The figure also shows a supporting ring 4, which is positioned outside the
supporting rod 3 to surround the supporting rod 3. When a screen cylinder
is produced, mesh wires 2 can first be attached to supporting rods 3 to
provide a cylindrical structure, after which supporting rings 4 can be
positioned around the supporting rods 3 and compressed such that they
press the supporting rods 3 inwardly in the radial direction of the screen
cylinder. The supporting rings 4 are arranged such that a broken
supporting ring 4 is positioned around a supporting rod 3, after which the
ends of the ring are pressed towards each other such that the ring becomes
smaller in size and thereby presses the supporting rod inwards. After
this, the ends of the supporting ring 4 are attached to each other by
welding to provide a uniform supporting ring. After the welding, the means
for tightening the ends of the ring are removed, and the point of welding
is scraped to be clean and level, removing any irregularities and holes.
It is not necessary to arrange supporting rings 4 at every supporting rod:
it is possible to arrange one e.g. at every second or every third
supporting rod. When the supporting ring 4 is pressed inwards in this way,
the supporting rods 3 are subjected to a compression load, which reduces
the load of the supporting rods when the screen cylinder is in use. The
supporting ring 4 is advantageously bevelled at the edges in the manner
shown in the figure, and it is provided with a groove such that the
supporting rod 3 is received by the groove of the supporting ring 4.
Advantageously, the edges are bevelled such that the bevel extends from
the edge of the groove towards the outer perimeter of the supporting ring.
The supporting ring 4 is not attached to the supporting rod 3 in any way,
but in principle the supporting ring 4 is able to slide around the
supporting rod 3. In practice, the supporting ring 4 and the supporting
rod 3, however, hardly move in relation to one another because of the
compression force between them.
Both ends of the screen cylinder are also provided with flanges 5, which
are attached to the mesh wires 2 at their ends by a weld 6, and to the
nearest supporting rod 3 by a weld 7 between them.
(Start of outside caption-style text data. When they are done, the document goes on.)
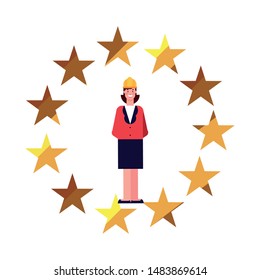 flat design people happy labor day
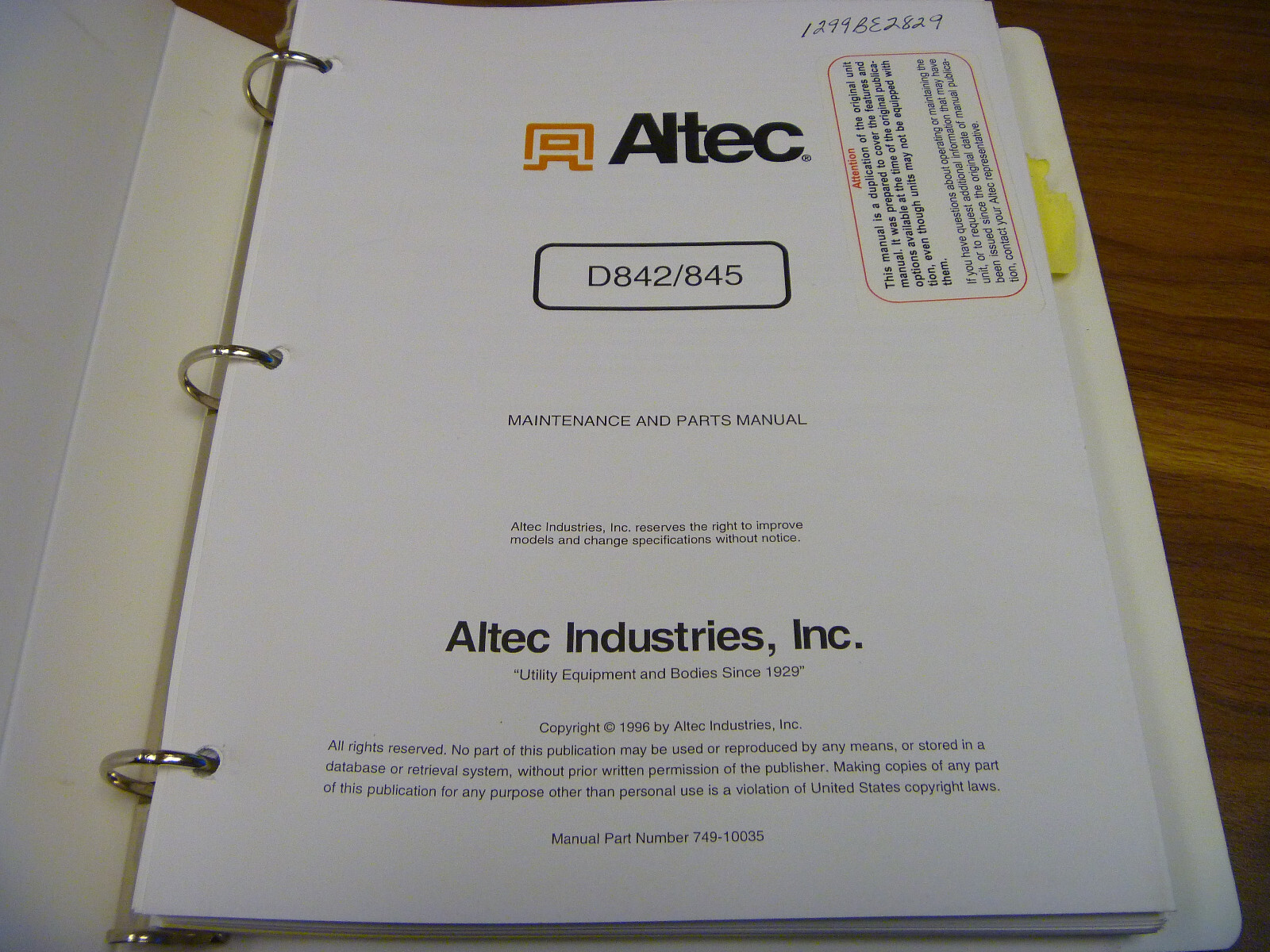 Altec D842 D845 Digger Derrick Boom Operator Maintenance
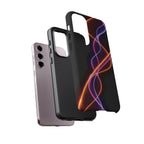 Coque de téléphone vibrante avec motif lumineux abstrait, coque artistique, accessoire technologique moderne, cadeau pour les passionnés de technologie, coque de téléphone personnalisée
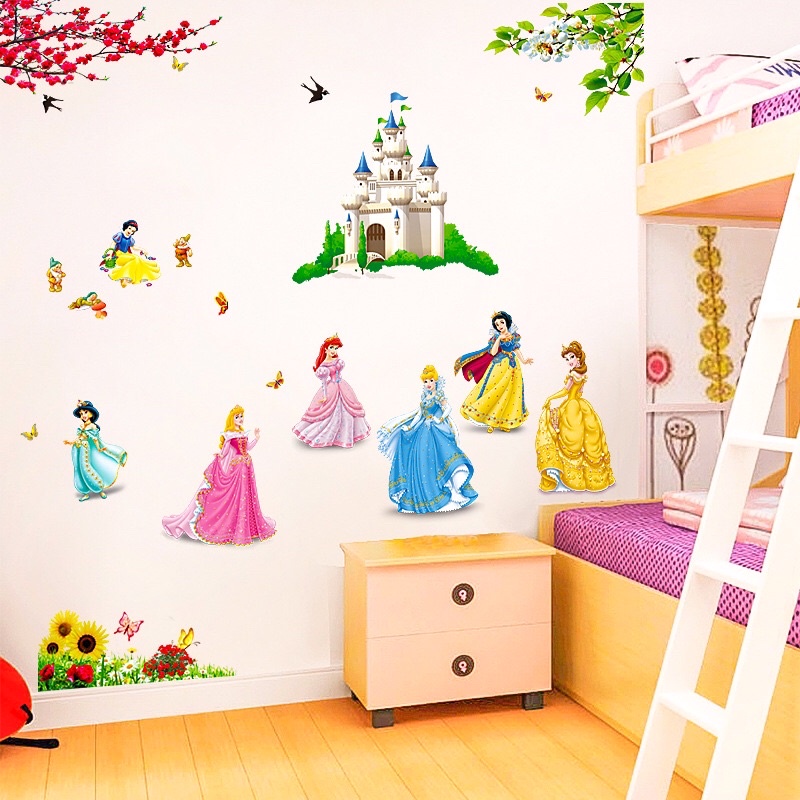 Tranh decal bảy nàng công chúa xinh xắn cho bé.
The flanges 5 can also
be attached in some other manner known per se, but in this embodiment this
is the simplest solution.
The screen cylinder of the invention can also be implemented in another
manner: the mesh wires 2 are arranged inside the rings formed by the
supporting rods 3 such that they are held in position, but not attached
to, the grooves 3a of the supporting rods 3. When the supporting rods 3
are then pressed inwards with the supporting rings 4, a compression force
is generated in the supporting rods, and the force presses the mesh wires
2 against the supporting rods 3 without their being attached to them in
any other way.
An advantage of the screen cylinder of the invention is that the forces
generated in it during the use are distributed more evenly than in known
solutions. Because of this, the forces and stresses caused by variation in
pressure do not essentially strain the connection between the mesh wire
and the supporting rod, since the supporting rings receive most of the
load, and so the supporting rods are not able to expand in the radial
direction as much as in known solutions.
FIG. 3 shows a schematic view of one embodiment for shaping the mesh wires
and the supporting rod such that the mesh wires are in as close contact
with the supporting rod as possible. As shown in the figure, the
cross-section of the mesh wires comprises a flat attaching part 2a, which
easily fits into grooves 3a provided in the supporting rod 3. The mesh
wires 2 are placed in the grooves of the ring-shaped supporting rod 3.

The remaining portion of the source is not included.